Too often disappointing, sometimes one's reading truly works, in the way it worked in childhood. How often as an adult does one experience that? When I first read Hotel du Lac, at seventeen, one summer. When I read The Small House at Allington, another summer, in Rome. When I read Anthony Powell, tears smarting in my eyes in an Amsterdam hotel breakfast-room as I learned, via a throwaway remark, of poor Stringham's death.
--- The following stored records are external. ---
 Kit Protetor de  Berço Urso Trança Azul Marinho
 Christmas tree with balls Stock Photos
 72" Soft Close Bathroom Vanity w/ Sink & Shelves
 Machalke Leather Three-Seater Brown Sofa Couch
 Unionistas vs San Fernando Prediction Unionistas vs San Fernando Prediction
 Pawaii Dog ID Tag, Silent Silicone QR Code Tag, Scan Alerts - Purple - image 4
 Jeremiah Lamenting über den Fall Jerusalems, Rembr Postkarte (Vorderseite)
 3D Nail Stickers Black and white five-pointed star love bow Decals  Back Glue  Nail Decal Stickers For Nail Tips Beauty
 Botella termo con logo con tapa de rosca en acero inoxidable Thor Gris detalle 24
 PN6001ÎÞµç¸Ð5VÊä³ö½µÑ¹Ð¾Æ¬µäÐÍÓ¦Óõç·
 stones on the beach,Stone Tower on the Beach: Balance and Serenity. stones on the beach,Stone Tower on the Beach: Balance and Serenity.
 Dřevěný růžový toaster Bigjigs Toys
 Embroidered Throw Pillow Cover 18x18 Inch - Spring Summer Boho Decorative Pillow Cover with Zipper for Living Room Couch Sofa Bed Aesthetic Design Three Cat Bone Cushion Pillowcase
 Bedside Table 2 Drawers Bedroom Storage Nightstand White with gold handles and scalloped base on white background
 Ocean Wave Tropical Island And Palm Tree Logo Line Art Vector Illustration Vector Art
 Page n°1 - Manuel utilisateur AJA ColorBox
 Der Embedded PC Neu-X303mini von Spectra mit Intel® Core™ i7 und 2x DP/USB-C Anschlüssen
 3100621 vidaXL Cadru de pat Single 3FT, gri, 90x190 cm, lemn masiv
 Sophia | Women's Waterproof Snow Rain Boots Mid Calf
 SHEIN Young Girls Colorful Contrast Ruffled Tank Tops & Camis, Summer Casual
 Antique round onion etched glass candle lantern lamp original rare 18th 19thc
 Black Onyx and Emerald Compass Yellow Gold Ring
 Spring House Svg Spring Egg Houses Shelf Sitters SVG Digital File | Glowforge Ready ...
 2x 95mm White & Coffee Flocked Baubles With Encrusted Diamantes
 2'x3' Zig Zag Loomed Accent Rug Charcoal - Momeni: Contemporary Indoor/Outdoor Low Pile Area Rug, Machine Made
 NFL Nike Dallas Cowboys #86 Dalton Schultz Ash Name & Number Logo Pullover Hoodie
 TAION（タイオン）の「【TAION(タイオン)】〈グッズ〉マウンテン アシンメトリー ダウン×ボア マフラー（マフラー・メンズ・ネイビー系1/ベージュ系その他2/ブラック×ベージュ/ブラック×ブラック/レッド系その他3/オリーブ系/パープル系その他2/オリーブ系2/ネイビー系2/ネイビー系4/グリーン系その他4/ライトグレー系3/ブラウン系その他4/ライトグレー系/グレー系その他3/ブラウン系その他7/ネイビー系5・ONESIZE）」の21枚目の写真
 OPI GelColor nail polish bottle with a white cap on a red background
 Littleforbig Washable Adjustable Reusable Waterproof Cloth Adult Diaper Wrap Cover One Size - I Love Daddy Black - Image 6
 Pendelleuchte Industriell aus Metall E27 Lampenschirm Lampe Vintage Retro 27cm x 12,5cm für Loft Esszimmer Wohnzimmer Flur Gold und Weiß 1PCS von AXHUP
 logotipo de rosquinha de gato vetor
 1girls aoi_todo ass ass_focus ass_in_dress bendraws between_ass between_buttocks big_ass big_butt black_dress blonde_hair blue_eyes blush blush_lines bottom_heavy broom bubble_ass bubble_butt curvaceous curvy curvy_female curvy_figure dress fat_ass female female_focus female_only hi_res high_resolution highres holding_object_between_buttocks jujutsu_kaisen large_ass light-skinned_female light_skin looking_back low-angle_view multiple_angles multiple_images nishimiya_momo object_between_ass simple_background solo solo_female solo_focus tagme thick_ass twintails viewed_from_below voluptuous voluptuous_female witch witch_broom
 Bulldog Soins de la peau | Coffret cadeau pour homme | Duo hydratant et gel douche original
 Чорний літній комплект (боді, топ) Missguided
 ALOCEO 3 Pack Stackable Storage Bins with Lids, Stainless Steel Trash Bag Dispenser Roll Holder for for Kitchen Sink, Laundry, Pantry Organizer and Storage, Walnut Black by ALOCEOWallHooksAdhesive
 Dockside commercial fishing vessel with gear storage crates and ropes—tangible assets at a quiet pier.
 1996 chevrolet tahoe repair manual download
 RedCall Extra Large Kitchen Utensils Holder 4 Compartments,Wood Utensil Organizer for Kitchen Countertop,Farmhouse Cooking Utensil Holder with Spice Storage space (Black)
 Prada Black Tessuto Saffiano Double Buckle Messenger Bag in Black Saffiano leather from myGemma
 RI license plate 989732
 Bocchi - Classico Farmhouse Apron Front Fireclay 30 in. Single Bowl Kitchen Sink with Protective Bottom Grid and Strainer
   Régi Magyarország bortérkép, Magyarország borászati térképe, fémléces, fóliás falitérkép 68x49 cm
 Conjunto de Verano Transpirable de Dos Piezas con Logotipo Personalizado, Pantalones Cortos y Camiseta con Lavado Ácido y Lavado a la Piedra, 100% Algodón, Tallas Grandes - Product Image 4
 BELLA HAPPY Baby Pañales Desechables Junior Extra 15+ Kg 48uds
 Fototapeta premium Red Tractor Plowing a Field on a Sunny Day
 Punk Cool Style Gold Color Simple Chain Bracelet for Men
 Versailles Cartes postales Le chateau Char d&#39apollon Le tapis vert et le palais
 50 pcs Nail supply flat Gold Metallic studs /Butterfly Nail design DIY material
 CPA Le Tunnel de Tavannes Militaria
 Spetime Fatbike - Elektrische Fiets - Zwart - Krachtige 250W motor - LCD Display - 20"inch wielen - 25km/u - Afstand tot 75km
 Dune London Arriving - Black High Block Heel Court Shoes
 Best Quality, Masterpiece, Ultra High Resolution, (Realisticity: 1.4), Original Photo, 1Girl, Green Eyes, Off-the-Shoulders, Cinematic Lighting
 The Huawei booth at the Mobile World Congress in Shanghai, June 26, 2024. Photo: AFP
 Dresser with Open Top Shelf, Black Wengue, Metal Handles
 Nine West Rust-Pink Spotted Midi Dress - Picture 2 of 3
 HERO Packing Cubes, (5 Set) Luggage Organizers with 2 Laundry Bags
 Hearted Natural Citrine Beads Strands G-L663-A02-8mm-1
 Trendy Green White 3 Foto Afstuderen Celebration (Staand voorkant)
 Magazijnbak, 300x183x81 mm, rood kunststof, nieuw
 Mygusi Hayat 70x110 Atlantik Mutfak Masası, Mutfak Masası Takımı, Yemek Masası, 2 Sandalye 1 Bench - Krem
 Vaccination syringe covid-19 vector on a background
Rereading almost never matches up. Or else one identifies with new things. In Great Expectations I am cold now to the story of Pip's love for Estella. But I break down when Pip tells Magwitch, at the last, that his lost child lives and is now a lady. Or when old Pip returns to the forge to find Jo and Biddy and their own little son - and Pip sees himself: 'sitting on my own little stool looking at the fire, was - I again!'
Guilty reading can be compulsive too. I'm halfway through May at 10, Anthony Seldon's almost day-by-day account of the Theresa May premiership. It's a horror story. I wince on every page. Why would anyone with so few of the required skills put herself through the hell of being Prime Minister? It's the human details that shine through: a shattered Mrs May falling asleep during a meeting; May's too rare moments of largesse - wine and crisps from Waitrose; her unlucky encounter with a rowdy stag-party of Englishmen at a tourist spot in Estonia. Her security team feared the worst, but the revellers were delighted to meet her, and all wanted selfies.